International Festival – Student Volunteers Celebrate Global Culture

Stacie Larsen
Managing Editor

From Sept. 22-24, members of the Lawton community came together for the 38th annual International Festival held at Elmer Thomas Park.

Bobbi Whitson, who has been a committee chairman for the International Festival for the last ten-years, said the purpose of the event was to introduce people to different cultures and help them realize that diversity doesn’t have to be a blocking point that prevents people from getting along with each other.

“I know this sounds really sappy,” Whitson said, “but we want everyone to get along. You’re not going to get along if you don’t understand each other’s cultures.

“We believe that if we understand each other, there’s better communication. If there’s better communication, then there’s less stress and violence. Most of the time, it’s just a common misunderstanding. It’s about teaching and trying to make the world a better place.”

Whitson said the event first took place in the Lawton library; however, due to the expansion of public attendance and participation over-time, the event has moved to multiple outside locations including the library plaza and Elmer Thomas Park.

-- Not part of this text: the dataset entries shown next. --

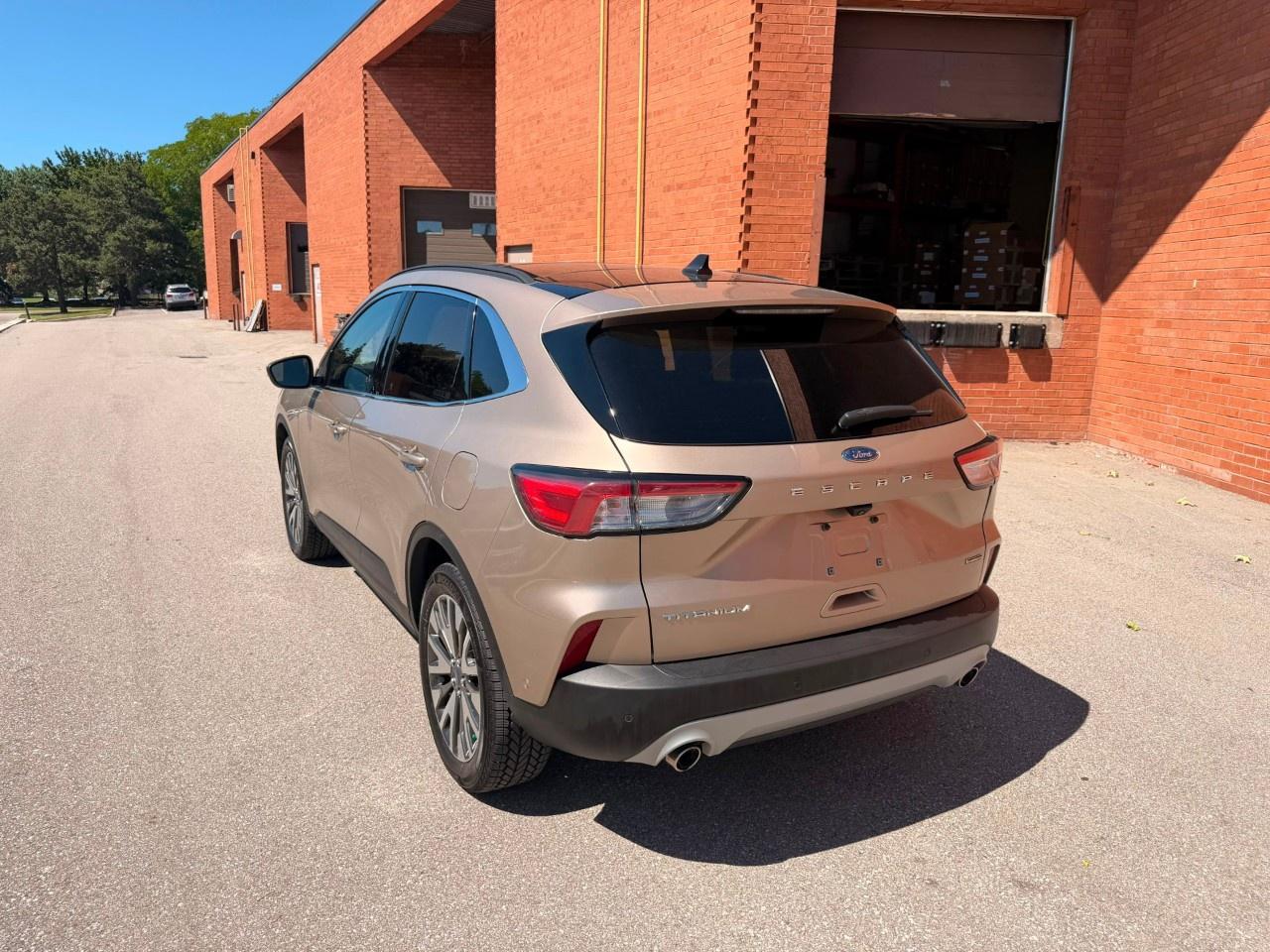2020 Ford Escape Titanium Hybrid AWD Photo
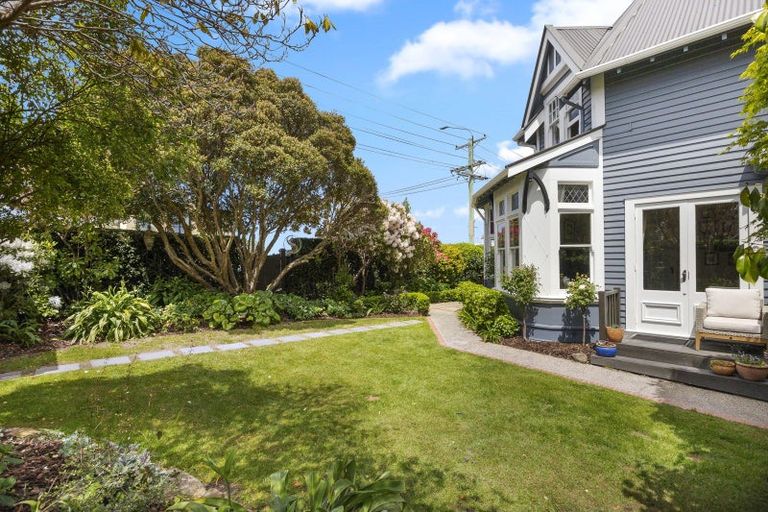 Photo of property in 557 Highgate, Maori Hill, Dunedin, 9010
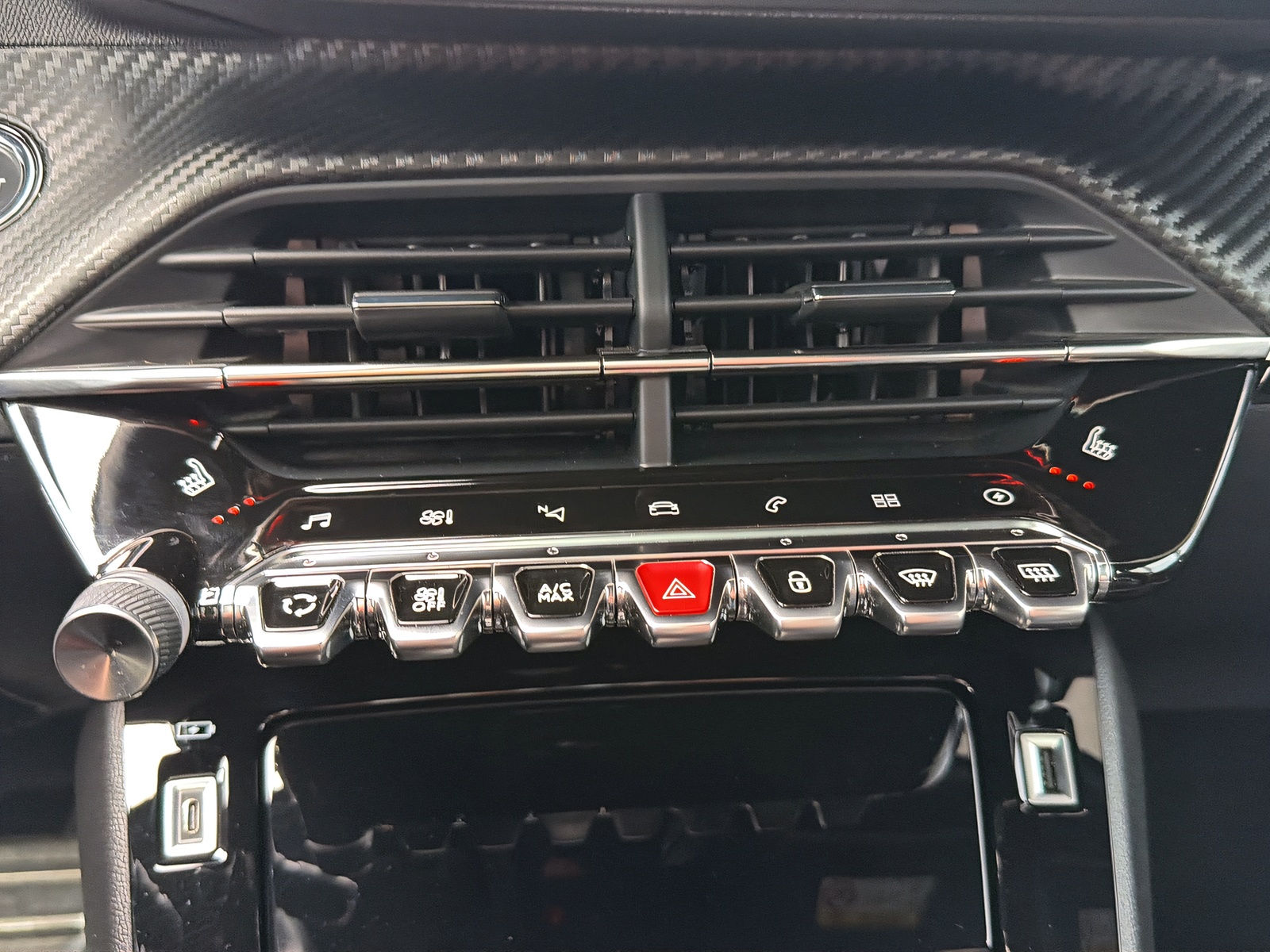 PEUGEOT 2008 e-GT-image-18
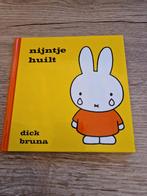 Nijntje huilt - Dick Bruna - Miffy, Boeken, Ophalen of Verzenden, Gelezen, Dick Bruna, 1 tot 2 jaar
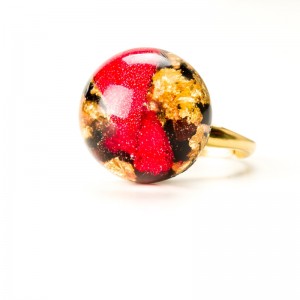 Pierścionek z płatkami róży, regulowany złocony.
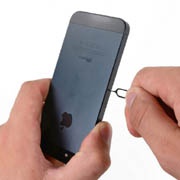 Apple разрабатывает новую технологию извлечения SIM-карт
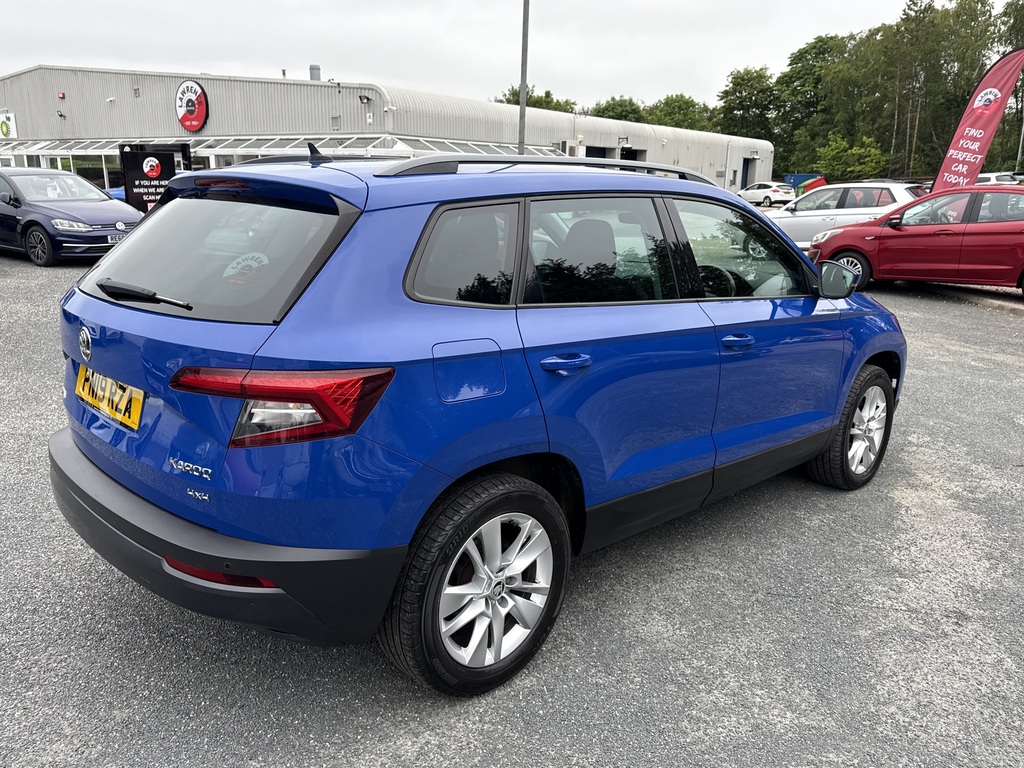 Skoda Karoq 2.0 Tdi Se Technology PN19RZA Blue #4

Billie Whip, the administrator for The Arts and Humanities Division, said this is her fourteenth year being involved with the planning of the event. She noted that every year, the event begins with a Naturalization Ceremony.

“It’s where the local residents become U.S. citizens,” Whip said, “This year we had eighteen residents who became U.S. citizens […] and the oath was administered by Judge Shon Erwin and they represented eleven different countries.”

Whip added that the International Festival is made possible through a tremendous amount of team-work from a variety of different sources, including City of Lawton employees, the International Festival committee, The Lawton Arts and Humanities Council, as well as many sponsors and volunteers.

“We truly could not pull this off without our student volunteers,” Whip said. “Maybe we could but it would be really hard. They are very helpful.”

Whitson added that student volunteers help with various parts of the festival, including information booths and stages. They also drive the carts to pick up the attendees with disabilities
“We generally have around three-hundred volunteers for the three-day festival,” she said “and a majority of those volunteers are the kids.”

Cameron freshman Michael Jeantet, who helped sell t-shirts and balloons at the information booth, said this was his second-year volunteering at the event. Last year, he volunteered as a member of Key-Club during his senior year of high-school, and this year, he helped in order to give back to the community by fulfilling service-hour requirements for a Native-American college scholarship he received.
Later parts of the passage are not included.